Ja,aber leider sind das in OH die besten Fanggründe die ich kenne vom Kleinboot auf Dorsch und Mefo,weil Du von der Lippe alle bekannten nenneswerten Strände in der Nähe anlaufen kannst,von Weißenhaus bis Behrensdorf und sogar weiter,alles schnell zu erreichen.#6
Ich habe dort einen Schlüssel,den ich jedes Jahr wieder empfange.
Zum Hafenmeister muß ich sagen,er ist ein klein wenig schwierig,aber wenn man sich erstmal mit seiner Norddeutschen rauhen Art arrangiert hat,geht das eigentlich.
Er fürt dort ein hartes Zepter,muß aber vlt. auch so sein,weil es dort auch Situationen gibt wo man manchmal nur mit Kopf schütteln kann.Habe ich selber schon gesehen wie einige Eigner sich extrem dusselig anstellen.
Zu den angesprochenen Vorfall kann ich nichts sagen,weil ich nicht dabei war.
Nur soviel,wenn es Schule machen würde das Schlüsselinhanber andere Eingner slippen lassen würden,dann kann ich mir gut vorstellen,dass es mit Sicherheit auch Leute geben würde die das dann schamlos ausnutzen würden und so ist es eben den Schlüsselinhanbern untersagt und jeder weiß woran er sich zu halten hat.
So sind da nunmal die Bestimmungen.
Allerdings muß ich sagen das ich mich auch nicht verbal beleidigen lassen würde,da würde ich mir dann auch zu helfen wissen,nun war ich ja nicht dabei aber bei Schimpfwörten etc.könnten gewisse Straftatbestände erfüllt sein,denen man nachgehen kann.:g


----------



## detlefb (19. Oktober 2008)

*AW: Hafenmeister Yachthafen Lippe - der geht gar nicht !!!!!*

tja,

Live dabei war ich auch nicht. 
Nur solche Berichte geben mir mehr als zu denken.
Mit ner Tonne hinten auf dem Trailer möcht ich schon gern vorab wissen " was Sache ist". Lippe ist nach diesem Bericht, ganz klar von meiner Liste der möglichen Slippen gestrichen.
Wenn ich schon bezahlen darf, suche ich mir die Bedingungen aus.
So klasse kann das Revier garnicht sein, das  ich mir solche Eskapaden gefallen lassen müßte.

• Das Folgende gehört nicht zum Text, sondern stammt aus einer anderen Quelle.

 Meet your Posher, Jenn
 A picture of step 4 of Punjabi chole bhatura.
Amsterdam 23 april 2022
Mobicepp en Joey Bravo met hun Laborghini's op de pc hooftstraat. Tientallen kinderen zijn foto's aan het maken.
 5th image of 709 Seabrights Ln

Ich schließe mich der Meinung von HD an !

Insofern 

Ganz herzlichen Dank an tobiiger #6#6 für diese Worte.


----------



## Dipsdive (19. Oktober 2008)

*AW: Hafenmeister Yachthafen Lippe - der geht gar nicht !!!!!*

Solche Leute wie Herr Lau dürften den Titel Hafenmeister gar nicht auf der Mütze tragen. Hat sich scheinbar in den letzten Jahren in Lippe überhaupt nichts geändert |bigeyes 

Gibt doch aber jetzt eine brauchbare Slippe, ganz um die Ecke: [URL="http://www.marina-heiligenhafen.de/s...ndex.php?id=10V"]http://www.marina-heiligenhafen.de/s...ndex.php?id=10V

Noch dazu nicht so "eingekesselt" von den beiden Schießgebieten.[/URL]

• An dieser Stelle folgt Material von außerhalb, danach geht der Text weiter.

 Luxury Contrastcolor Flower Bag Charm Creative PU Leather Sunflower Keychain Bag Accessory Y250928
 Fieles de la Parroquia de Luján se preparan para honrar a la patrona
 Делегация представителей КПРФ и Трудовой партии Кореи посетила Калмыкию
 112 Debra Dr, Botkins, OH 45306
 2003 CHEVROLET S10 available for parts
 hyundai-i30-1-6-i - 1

Warum also noch mit solchen Leuten rumärgern


----------



## Torsk_SH (20. Oktober 2008)

*AW: Hafenmeister Yachthafen Lippe - der geht gar nicht !!!!!*

@ DipsDive

Wobei die Slippe sehr rutschig aussieht. 
Wehe wenn die Holzbretter nass oder ähnliches sind.

Nasse Bretter und eine auf die Hinterachse wirkende Handbremse beissen sich total :q
http://www.youtube.com/watch?v=-AiZhecyxX4&feature=related


----------



## Dipsdive (20. Oktober 2008)

*AW: Hafenmeister Yachthafen Lippe - der geht gar nicht !!!!!*

Kenne die Slippe bisher nur von der Homepage des Hafens. Am Samstag bin ich auf Fehmarn und werde mir auf dem Rückweg mal einen persönlichen Eindruck von der Slippe machen.

Auf der alten Slippe wäre ich vor Jahren mit einem Kollegen fast abgeschmiert. Wir konnten nur noch einen BMW auf der Straße anhalten und um Abschlepphilfe bitten. Sonst wäre unser Gespann auf der nassen Holzrampe auf Grund gegangen |bigeyes

Jedenfalls erwecken die Bilder einen vernünftigen Eindruck. Kein Vergleich zur alten Slippe!


----------



## Torsk_SH (20. Oktober 2008)

*AW: Hafenmeister Yachthafen Lippe - der geht gar nicht !!!!!*

Wäre klasse wenn Du vielleicht ein Bild davon machen könntest?!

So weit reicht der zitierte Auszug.